Within the first structure regarding the predictive theories of the brain, I specifically work from the vantage point of the neuroscientist Karl Friston,11 from the brilliant article written by Scott Alexander12 God help us, let’s try to understand Friston on free energy (2018). In short, Friston is helping to sense the entropy13 of metaphysical entities in the human brain. And therefore, will this information be able to assist me as an author to deduce a ‘yes’ or a ‘no’ at the end of this article?
The second structure has its origin within four very important and sublime works from the South African theologian Wentzel J. van Huyssteen namely: (1) Duet or Dual? Theology and science in a postmodern world (1998a); (2), Rethinking religion, and science: Six models for the current dialogue (1998b); (3) Faith and knowledge: Our common evolutionary heritage (2000) and lastly (4) Alone in the world? Human uniqueness in science and theology (2006).
Hence, before we entertain the first structure, I would like to set a backdrop that will resonate with these two structures as it will then be more relevant in this article. This backdrop has to do with the changes in Western culture perception that have potentially altered, at least three major landscapes of Western Christian theology.
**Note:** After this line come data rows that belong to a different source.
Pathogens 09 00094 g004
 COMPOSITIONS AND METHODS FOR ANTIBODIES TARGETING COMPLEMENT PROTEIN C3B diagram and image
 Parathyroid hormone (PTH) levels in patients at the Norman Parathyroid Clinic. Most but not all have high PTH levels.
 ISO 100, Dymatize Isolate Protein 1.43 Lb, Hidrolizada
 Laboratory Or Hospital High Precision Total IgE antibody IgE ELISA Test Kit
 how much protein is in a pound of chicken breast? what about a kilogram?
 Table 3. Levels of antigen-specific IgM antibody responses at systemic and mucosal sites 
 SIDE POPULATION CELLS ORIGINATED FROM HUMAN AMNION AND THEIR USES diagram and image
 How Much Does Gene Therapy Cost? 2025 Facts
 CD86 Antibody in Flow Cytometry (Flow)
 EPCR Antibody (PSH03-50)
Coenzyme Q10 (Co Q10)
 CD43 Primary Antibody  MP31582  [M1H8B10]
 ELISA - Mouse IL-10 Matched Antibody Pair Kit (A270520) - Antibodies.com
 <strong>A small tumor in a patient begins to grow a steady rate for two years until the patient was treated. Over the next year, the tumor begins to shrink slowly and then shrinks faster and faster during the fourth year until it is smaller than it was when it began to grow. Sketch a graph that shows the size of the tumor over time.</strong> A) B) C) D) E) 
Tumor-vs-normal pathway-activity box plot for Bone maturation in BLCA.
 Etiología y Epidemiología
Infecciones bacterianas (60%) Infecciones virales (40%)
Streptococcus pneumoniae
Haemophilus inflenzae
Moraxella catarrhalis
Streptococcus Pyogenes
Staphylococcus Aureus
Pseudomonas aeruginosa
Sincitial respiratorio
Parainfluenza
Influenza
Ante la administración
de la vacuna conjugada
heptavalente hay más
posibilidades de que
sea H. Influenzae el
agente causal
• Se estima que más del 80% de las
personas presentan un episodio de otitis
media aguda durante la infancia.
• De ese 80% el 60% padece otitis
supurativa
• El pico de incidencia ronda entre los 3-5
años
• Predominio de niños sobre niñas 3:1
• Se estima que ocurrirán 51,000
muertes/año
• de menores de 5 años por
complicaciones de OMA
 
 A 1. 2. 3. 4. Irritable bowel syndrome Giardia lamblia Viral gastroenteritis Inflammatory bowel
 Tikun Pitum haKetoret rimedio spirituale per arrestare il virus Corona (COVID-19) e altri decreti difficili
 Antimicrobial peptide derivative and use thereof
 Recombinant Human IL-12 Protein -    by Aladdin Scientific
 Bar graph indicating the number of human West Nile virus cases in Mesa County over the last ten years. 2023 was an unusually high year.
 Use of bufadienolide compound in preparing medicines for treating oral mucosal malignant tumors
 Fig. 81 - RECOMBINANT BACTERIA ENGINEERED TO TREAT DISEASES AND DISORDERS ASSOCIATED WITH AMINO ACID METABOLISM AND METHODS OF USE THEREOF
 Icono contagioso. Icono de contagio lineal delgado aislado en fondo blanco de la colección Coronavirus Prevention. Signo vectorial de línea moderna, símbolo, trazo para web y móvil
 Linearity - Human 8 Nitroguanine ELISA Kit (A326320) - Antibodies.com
My reason for doing this here has to do with the integrated expectation of interwovenness and juxtaposing that all two these structures presuppose and therefore predispose humans’ needs for an acknowledgement of these structures in their epistemological (what we think we know) impact in their search for the meaning of their world and therefore survival. And yet again, even before this, that is free energy, is it important to mention precisely these three distinctive theological shifts that were made to enhance my own answer in this article? These shifts have relevance to the Gaia theory.
The Gaia theory: First, second and third shifts and its implications for theology
The backdrop for these three theological implications points to (if one appreciates it or not) that humans cannot presuppose, as perhaps creationists do, that God postulated us on planet Earth in a pre-specified form at a discrete juncture or twinkle in time, in an extraordinaire feat of creation. Humans too, like every other living organism, emanate (emerge) out of an open-endedness of evolutionary processes on planet Earth. And dare I say, if humans dispute or oppose this they will have to ask, why? This means they must then ask about the motives behind their dispute. And if some would imply, that it should make humans more caring for one another as well as all living organisms, then where is the deposition that had this outcome? Actually, the depositions show an entirely different view (the loss of other living organisms through humans’ violence), which is conflicting.
From these three shifts, profound theological implications are tangible
The three major theological implications (shifts) that are very tangible from the vantage point of the Gaia hypothesis are a peculiarly Gaia theory obligation and therefore it necessitates humans to take theological responsibility for the evolution of life through the frugal blending of organisms and their environments.14 Primavesi (2000:xix) rightfully asks: ‘Where were we indeed, as God asks Job, throughout the enormous timescale this implies’?
Thus, the first theological implication is, can we ask, where was God in this pause betwixt the origins of life and our lives? What may we then say regarding God’s organisms’ dependence with the essential environment we share with other organisms? As Primavesi (2000) simplifies:
… whether this be the air we breathe or the oceans and rocks which surrounds us when they are all either the direct product of living organisms or else have been greatly modified by their presence. (p. xix)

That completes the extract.